Somethings I found that should be important for this build include:

 PCI Express Lanes

    -> I believe that 40 lanes is a requirement because I plan on having 2 GPU's (Not sure yet which NVIDIA card I want yet), and I would like the lanes to be divided equally between the 2 GPU's (16x16). That way I avoid any possible bottlenecks.

 

 RAM

   -> From what I have read for this use case, it is best to have enough RAM (memory) to hold entire datasets. My plan is to start with 32 GB initially, then move up to 64 GB and a step 2, then possible to 128 GB as a step 3. So expanding RAM is important.
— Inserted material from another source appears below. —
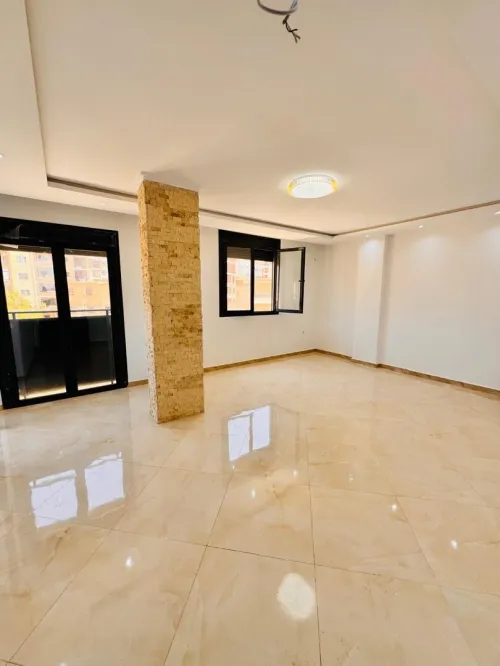 Vente Appartement F4 Oran Bir el djir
At the time of writing this I believe that quad-chanel Memory is the way to go, the benefit being speed. What do you guys think?

 

M.2

   -> I want the system to be extremely fast. I would like to use a M.2 solution for holding the OS (Ubuntu), and OS related file, and applications. All the datasets will be held in Secondary Storage (Western Digital Red Hard Drive)

 

 

Question I have:

 

1) When deciding in a CPU, should I go with more cores and a slower clock? Or fewer cores and a higher clock? (Based on this use case)

 

2) Does my assumptions for PCI Express Lanes hold true? Would there be a bottleneck if 1 GPU is getting 16 lanes and the other is getting 8?

 

3) Is there any guides that you guys know of that I could follow? 

 

4) What NVIDIA GPU's have the best SLI support? Or which GPU have been found to work best in this use case? (I know Titan X is great, but please keep the budget in mind)

 

5) Do you guys have any suggestions on the build?

 

Summary

 

I have made 2 different PC Part Picker lists that can be found at:

https://pcpartpicker.com/user/sprichard/saved/#view=8TXRBm

They are listed under the "Mac Pro $1000 Build" and "Mac Pro $1500 Build"

 

As you can see from the link I have build for $1000 budget and $1500 budget. I am working on a $2000 budget build. I would say $2000 is the limit for this build. Let me know what you guys think! I am open to all suggestions as i have not purchased anything, and I am still trying to get my head wrapped around all that I need to know to make a badass Mac Pro ML Box. 

Link to comment
Share on other sites

Link to post
Share on other sites

9 minutes ago, SwiftySteve said:

Supporting Motherboard: Ideally having a motherboard that would drop into the Mac Pro case would be AWESOME! But I am almost certain some mods to the case will have to be made. Also, having fast I/O, PCI expandability, and M.2 support are feature requests.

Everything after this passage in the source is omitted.